YouTube's effective payment rate plummeted in 2015 - report

YouTube's effective payment rate plummeted in 2015  - report

By Sophie Nevrkla

Despite initiatives from the music industry to drive digital reform, the amount of revenue that YouTube paid to US music labels relative to the number of streams of their content halved last year, according to findings published in the Financial Times.

Although YouTube paid $740 million to music rights holders in 2015 (a 15% increase from 2014), the US music industry lost out on revenue of $755 million in the same year, the new research suggests.

YouTube shares its advertising revenue with record labels and artists, and with streams on YouTube and Vevo at a record high of 751 billion, labels argue that they should be benefiting from this more than they are.

According to Midia Research, this rapid increase in video streaming has been behind the decrease in YouTube’s effective payment rate. According to the research, if the payout rate had remained fixed, US music labels would have earned $755m as well as the $740m they were paid. This would have more than doubled revenues for the US music industry.

This research highlights the difference between YouTube’s approach and the policies of other streaming websites, such as Spotify. Whilst Spotify pays music rights holders a minimum amount per stream irrespective of the revenue they earn, video streaming websites YouTube and Vevo pay as a share of revenue. This share is affected by the global ad market, and as ad inventory prices plummeted last year, YouTube’s boom in streaming was not enough to prop up slowing ad revenue growth. YouTube, then, effectively pays labels on the basis of how profitable it is: 55% of its music video revenues went to content holders last year, whilst Spotify paid 83%.

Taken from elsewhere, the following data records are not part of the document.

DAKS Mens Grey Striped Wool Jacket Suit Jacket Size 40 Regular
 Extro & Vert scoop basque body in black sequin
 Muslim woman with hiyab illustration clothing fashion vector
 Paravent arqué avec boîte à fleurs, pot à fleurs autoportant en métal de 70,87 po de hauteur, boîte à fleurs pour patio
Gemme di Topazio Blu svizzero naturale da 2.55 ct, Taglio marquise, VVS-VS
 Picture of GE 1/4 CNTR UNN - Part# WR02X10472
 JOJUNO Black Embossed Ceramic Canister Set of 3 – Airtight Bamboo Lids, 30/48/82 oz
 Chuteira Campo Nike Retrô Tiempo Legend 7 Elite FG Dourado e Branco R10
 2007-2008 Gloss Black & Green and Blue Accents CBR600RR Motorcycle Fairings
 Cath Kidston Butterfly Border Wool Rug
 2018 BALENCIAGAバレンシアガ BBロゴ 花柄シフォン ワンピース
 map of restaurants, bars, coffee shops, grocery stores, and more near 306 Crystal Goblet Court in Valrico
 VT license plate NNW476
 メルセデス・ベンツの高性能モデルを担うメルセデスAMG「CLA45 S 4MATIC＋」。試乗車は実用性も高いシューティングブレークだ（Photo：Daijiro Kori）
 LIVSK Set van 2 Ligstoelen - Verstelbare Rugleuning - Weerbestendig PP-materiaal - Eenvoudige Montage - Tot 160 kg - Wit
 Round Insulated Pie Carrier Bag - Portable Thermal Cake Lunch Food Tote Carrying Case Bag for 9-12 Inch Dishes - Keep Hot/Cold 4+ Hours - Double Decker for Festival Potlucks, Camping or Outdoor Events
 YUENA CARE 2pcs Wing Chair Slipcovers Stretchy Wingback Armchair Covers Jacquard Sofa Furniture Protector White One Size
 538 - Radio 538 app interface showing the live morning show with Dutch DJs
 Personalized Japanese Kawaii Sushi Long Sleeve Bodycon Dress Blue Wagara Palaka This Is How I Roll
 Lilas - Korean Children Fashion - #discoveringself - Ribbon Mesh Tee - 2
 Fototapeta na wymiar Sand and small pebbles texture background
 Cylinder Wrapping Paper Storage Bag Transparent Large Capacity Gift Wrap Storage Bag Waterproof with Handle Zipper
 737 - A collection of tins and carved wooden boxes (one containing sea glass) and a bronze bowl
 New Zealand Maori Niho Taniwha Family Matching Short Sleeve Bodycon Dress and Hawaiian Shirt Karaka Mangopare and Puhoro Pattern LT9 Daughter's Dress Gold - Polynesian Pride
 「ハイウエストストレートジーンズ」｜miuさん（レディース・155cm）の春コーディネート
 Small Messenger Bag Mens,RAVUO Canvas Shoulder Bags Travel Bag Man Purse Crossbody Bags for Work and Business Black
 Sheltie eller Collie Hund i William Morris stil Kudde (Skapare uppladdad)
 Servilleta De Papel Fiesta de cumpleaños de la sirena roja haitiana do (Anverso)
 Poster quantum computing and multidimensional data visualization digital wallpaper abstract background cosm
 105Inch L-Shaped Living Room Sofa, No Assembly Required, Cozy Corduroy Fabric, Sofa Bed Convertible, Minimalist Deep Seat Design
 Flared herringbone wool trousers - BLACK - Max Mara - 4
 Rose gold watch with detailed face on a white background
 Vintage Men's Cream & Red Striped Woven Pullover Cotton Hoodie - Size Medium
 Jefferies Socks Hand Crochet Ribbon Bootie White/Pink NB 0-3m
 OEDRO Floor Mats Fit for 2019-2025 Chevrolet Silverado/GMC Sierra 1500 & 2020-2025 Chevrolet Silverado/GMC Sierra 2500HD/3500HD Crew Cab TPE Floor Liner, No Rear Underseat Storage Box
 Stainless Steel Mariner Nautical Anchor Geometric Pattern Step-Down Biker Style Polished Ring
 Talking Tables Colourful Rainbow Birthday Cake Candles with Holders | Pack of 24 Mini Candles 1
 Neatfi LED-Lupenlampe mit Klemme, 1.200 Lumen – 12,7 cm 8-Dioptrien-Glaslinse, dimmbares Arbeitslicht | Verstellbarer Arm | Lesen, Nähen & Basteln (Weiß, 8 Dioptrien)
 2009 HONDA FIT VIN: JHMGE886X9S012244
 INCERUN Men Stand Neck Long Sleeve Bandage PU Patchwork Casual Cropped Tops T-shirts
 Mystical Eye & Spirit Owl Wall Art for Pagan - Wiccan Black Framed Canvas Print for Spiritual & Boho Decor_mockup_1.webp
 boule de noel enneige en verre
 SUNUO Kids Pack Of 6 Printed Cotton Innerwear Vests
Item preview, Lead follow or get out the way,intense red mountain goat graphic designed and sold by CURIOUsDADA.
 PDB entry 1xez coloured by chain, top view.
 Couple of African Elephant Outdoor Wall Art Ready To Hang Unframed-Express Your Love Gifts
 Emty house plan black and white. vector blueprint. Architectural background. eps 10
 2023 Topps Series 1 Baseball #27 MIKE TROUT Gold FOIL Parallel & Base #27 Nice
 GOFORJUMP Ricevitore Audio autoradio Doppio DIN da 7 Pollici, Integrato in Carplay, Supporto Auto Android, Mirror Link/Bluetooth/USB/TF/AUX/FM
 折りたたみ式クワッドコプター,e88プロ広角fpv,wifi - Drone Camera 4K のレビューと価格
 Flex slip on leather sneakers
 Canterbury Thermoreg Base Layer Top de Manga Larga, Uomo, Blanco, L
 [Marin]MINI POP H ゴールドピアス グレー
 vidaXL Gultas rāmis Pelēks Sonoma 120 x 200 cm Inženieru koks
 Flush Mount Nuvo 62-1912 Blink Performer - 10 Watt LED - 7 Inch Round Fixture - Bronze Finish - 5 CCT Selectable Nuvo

This research comes as the music industry is in a standoff with YouTube, arguing that the company is manipulating copyright law to pay below market rates for the content. In the US, the 1998 Digital Millennium Copyright Act gives online video services ‘safe harbour’ from prosecution for holding unauthorised content. Musicians like Sir Paul McCartney, Taylor Swift and U2 recently signed an open letter to Congress, urging them to reform this piece of legislation. A similar situation has arisen in the UK: artists including Coldplay, ABBA and Ed Sheeran recently signed a letter of complaint about YouTube’s practices, handing this to the EU president Jean-Claude Juncker in late June. Indeed, the revenue that YouTube pays could, potentially, be very powerful: After all, it is the world’s biggest music streaming platform, with more listeners (and viewers) than Spotify and Apple Music combined.